Biomedicine · eu
AI Measures Whole Tumors, Challenging Old Rules for Assessing Mesothelioma Response
Pleural mesothelioma does not grow into easily measured round masses, but spreads along the lung wall; ARTIMES, built by a Dutch team using more than 10,000 CT images, attempts to turn this long-blurry clinical judgment into more verifiable changes in volume.
For patients with pleural mesothelioma, whether treatment is working is often not an easy question to answer from imaging. This cancer often spreads like a thin membrane along the lung and chest wall, and does not necessarily form a clearly bounded mass whose diameter can be measured with a ruler; when the shape of the lesion itself is irregular, physicians’ interpretation of whether it has “grown” or “shrunk” can also easily fall into a gray area.
Researchers at the Netherlands Cancer Institute said on June 17 that the AI model they developed, ARTIMES, performed better than physician interpretation and current tumor measurement standards represented by RECIST in assessing treatment response in pleural mesothelioma. The related study was published in The Lancet Oncology, and was designed as a retrospective, multi-cohort, multicenter analysis.
The core use of ARTIMES is not to diagnose cancer in patients, but to estimate the overall tumor volume in CT images before and after treatment and compare how it changes over time. This is especially critical for pleural mesothelioma: traditional RECIST uses tumor diameter as a common language, facilitating communication in clinical trials and among medical teams, but for lesions that spread along the pleura, one or a few linear measurements may not fully represent the true tumor burden.
According to information released by the research team, model training and testing included 121 hospitals worldwide, more than 2,000 patients, and over 11,000 CT images, and its performance was evaluated using data from 8 clinical trials. The research team said ARTIMES’ response criteria based on volume change better reflected information related to patient survival than current standards, and may also reduce noise in clinical trials caused by unstable measurement.
The practical significance of this advance is that treatment decisions may receive clearer signals earlier.

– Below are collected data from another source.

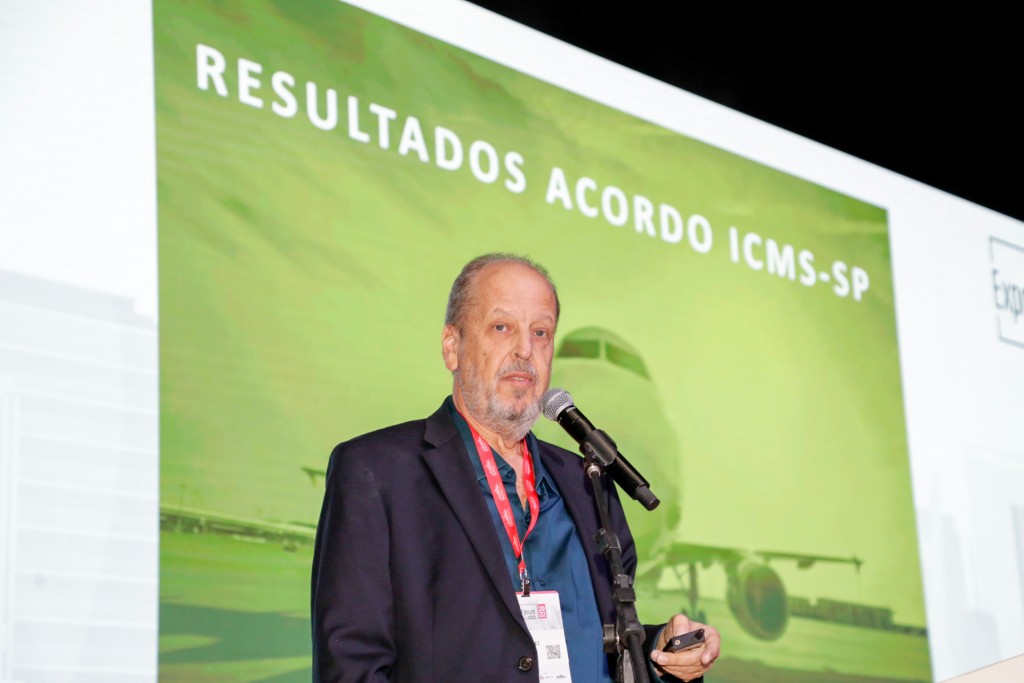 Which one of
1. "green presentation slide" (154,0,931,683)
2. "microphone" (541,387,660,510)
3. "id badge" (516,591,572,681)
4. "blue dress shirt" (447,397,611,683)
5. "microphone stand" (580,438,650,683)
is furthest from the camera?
"green presentation slide" (154,0,931,683)

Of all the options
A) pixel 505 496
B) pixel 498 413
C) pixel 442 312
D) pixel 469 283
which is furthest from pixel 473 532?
pixel 442 312

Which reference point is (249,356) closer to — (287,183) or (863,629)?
(287,183)

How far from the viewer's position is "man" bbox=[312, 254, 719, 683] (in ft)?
6.93

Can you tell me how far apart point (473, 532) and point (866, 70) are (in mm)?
3637

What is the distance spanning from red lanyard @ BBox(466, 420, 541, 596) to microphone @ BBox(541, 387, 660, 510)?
351mm

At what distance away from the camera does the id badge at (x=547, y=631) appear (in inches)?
86.3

If imaging shows that the tumor is in fact not responding, physicians may be able to consider stopping ineffective treatment and switching to other options more quickly, allowing patients to endure fewer side effects and less uncertainty. However, the research team also emphasized that AI measurement results are still reviewed by physicians; at present, it is more like a tool that strengthens image interpretation than a system that automatically replaces clinical judgment.
The limitations also cannot be overlooked. Although this study was large and multicenter in origin, it was still a retrospective analysis; the model’s prospective performance across different hospital workflows, scanning parameters, and patient populations still requires longer-term validation. The press release also did not provide enough detail for external readers to fully assess all sources of bias, so its clinical promise should be understood in the context of the paper’s methods and subsequent independent validation.

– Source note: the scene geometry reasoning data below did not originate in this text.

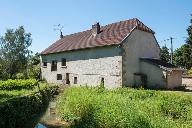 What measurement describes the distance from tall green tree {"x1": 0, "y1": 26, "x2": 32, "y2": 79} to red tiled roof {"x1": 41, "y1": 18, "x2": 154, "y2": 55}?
59.3ft

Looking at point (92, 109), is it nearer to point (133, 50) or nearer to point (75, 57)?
point (133, 50)

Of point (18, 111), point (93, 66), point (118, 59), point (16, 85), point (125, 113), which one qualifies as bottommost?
point (18, 111)

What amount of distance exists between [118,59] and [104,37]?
4695mm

Regulation is also the next hurdle. ARTIMES can currently be used at the Netherlands Cancer Institute under the European Union’s current in-house exemption rules, but if it is to be expanded to other hospitals, it will still need to obtain the corresponding medical device approval. The research team has made the model publicly available for research use; what will truly determine whether it can change pleural mesothelioma care will not be just algorithm scores, but whether it can improve decision-making steadily and transparently in everyday medical care and clinical trials.